Support Questions
Find answers, ask questions, and share your expertise

Oozie Sqoop action fails in kerberized cluster - HDP 2.5

Contributor

Hi ,

I have sqoop job setup properly in Kerberized cluster and if I execute the job using Sqoop job -exec myjobName then it works fine. But when I use the following command to execute oozie workflow which the above Sqoop job as action it is failing

oozie job -oozie http://myoozieServer:11000/oozie -config workflow.properties -run

The error captured using the job history is :

246498 [Thread-19] INFO  org.apache.sqoop.mapreduce.hcat.SqoopHCatUtilities  - 	at org.apache.hadoop.hive.metastore.MetaStoreUtils.newInstance(MetaStoreUtils.java:1549)
246498 [Thread-19] INFO  org.apache.sqoop.mapreduce.hcat.SqoopHCatUtilities  - 	... 13 more
246498 [Thread-19] INFO  org.apache.sqoop.mapreduce.hcat.SqoopHCatUtilities  - 	... 13 more
246498 [Thread-19] INFO  org.apache.sqoop.mapreduce.hcat.SqoopHCatUtilities  - Caused by: MetaException(message:Could not connect to meta store using any of the URIs provided. Most recent failure: org.apache.thrift.transport.TTransportException: GSS initiate failed
246498 [Thread-19] INFO  org.apache.sqoop.mapreduce.hcat.SqoopHCatUtilities  - Caused by: MetaException(message:Could not connect to meta store using any of the URIs provided. Most recent failure: org.apache.thrift.transport.TTransportException: GSS initiate failed
246498 [Thread-19] INFO  org.apache.sqoop.mapreduce.hcat.SqoopHCatUtilities  - 	at org.apache.thrift.transport.TSaslTransport.sendAndThrowMessage(TSaslTransport.java:232)
246498 [Thread-19] INFO  org.apache.sqoop.mapreduce.hcat.SqoopHCatUtilities  - 	at org.apache.thrift.transport.TSaslTransport.sendAndThrowMessage(TSaslTransport.java:232)
246498 [Thread-19] INFO  org.apache.sqoop.mapreduce.hcat.SqoopHCatUtilities  - 	at org.apache.thrift.transport.TSaslTransport.open(TSaslTransport.java:316)
246498 [Thread-19] INFO  org.apache.sqoop.mapreduce.hcat.SqoopHCatUtilities  - 	at org.apache.thrift.transport.TSaslTransport.open(TSaslTransport.java:316)
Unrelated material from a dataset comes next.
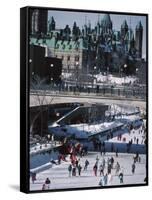 Skating on the Rideau Canal - Ottawa, Ontario, Canada-null-Framed Stretched Canvas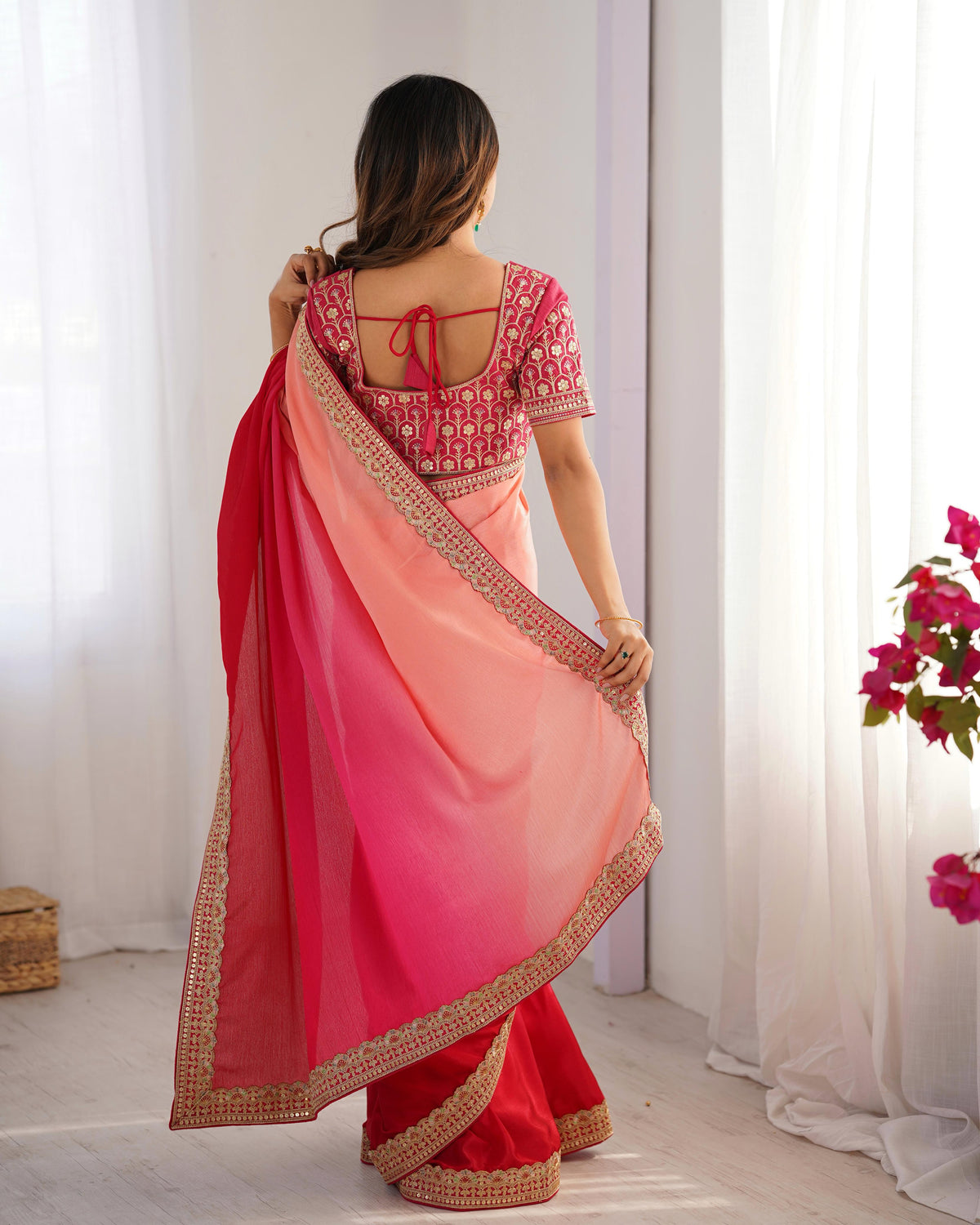 Adorable Function Wear Silk Thread n Sequence Work Fancy Designer Saree With Unstitched Blouse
and in HiveMetastore log file I noticed the same error

java.lang.RuntimeException: org.apache.thrift.transport.TTransportException: Peer indicated failure: GSS initiate failed

Now I have updated workflow.xml using the following link

https://prodlife.wordpress.com/2013/11/22/using-oozie-in-kerberized-cluster/

<credentials>

<credential name='hive_credentials' type='hcat'>

<property> <name>hcat.metastore.uri</name> <value>thrift://metastore_server:9083</value>

</property> <property>

<name>hcat.metastore.principal</name> <value>hive/_HOST@KERBDOM.COM</value>

</property> </credential>

</credentials>

and <action name="actionAccountPartnerService" cred="hive_credentials">

with the above configuration I am getting the following error

java.lang.RuntimeException: org.apache.thrift.transport.TTransportException: Invalid status -128 at org.apache.thrift.transport.TSaslServerTransport$Factory.getTransport(TSaslServerTransport.java:219) at org.apache.hadoop.hive.thrift.HadoopThriftAuthBridge$Server$TUGIAssumingTransportFactory$1.run(HadoopThriftAuthBridge.java:609) at org.apache.hadoop.hive.thrift.HadoopThriftAuthBridge$Server$TUGIAssumingTransportFactory$1.run(HadoopThriftAuthBridge.java:606) at java.security.AccessController.doPrivileged(Native Method) at javax.security.auth.Subject.doAs(Subject.java:360) at org.apache.hadoop.security.UserGroupInformation.doAs(UserGroupInformation.java:1704) at org.apache.hadoop.hive.thrift.HadoopThriftAuthBridge$Server$TUGIAssumingTransportFactory.getTransport(HadoopThriftAuthBridge.java:606) at org.apache.thrift.server.TThreadPoolServer$WorkerProcess.run(TThreadPoolServer.java:269) at java.util.concurrent.ThreadPoolExecutor.runWorker(ThreadPoolExecutor.java:1142) at java.util.concurrent.ThreadPoolExecutor$Worker.run(ThreadPoolExecutor.java:617) at java.lang.Thread.run(Thread.java:745) Caused by: org.apache.thrift.transport.TTransportException: Invalid status -128 at org.apache.thrift.transport.TSaslTransport.sendAndThrowMessage(TSaslTransport.java:232) at org.apache.thrift.transport.TSaslTransport.receiveSaslMessage(TSaslTransport.java:184) at org.apache.thrift.transport.TSaslServerTransport.handleSaslStartMessage(TSaslServerTransport.java:125) at org.apache.thrift.transport.TSaslTransport.open(TSaslTransport.java:271) at org.apache.thrift.transport.TSaslServerTransport.open(TSaslServerTransport.java:41) at org.apache.thrift.transport.TSaslServerTransport$Factory.getTransport(TSaslServerTransport.java:216) ... 10 more

can any one help.

Thank you

ram

15 REPLIES 15

Re: Oozie Sqoop action fails in kerberized cluster - HDP 2.5

Expert Contributor

@Ramakrishna Pratapa

From the exception, it looks like that while trying to run the workflow.xml on secure cluster HCat credential profile has not been set properly. Can you please have a look towards the credential profile and ensure that key-value are correct.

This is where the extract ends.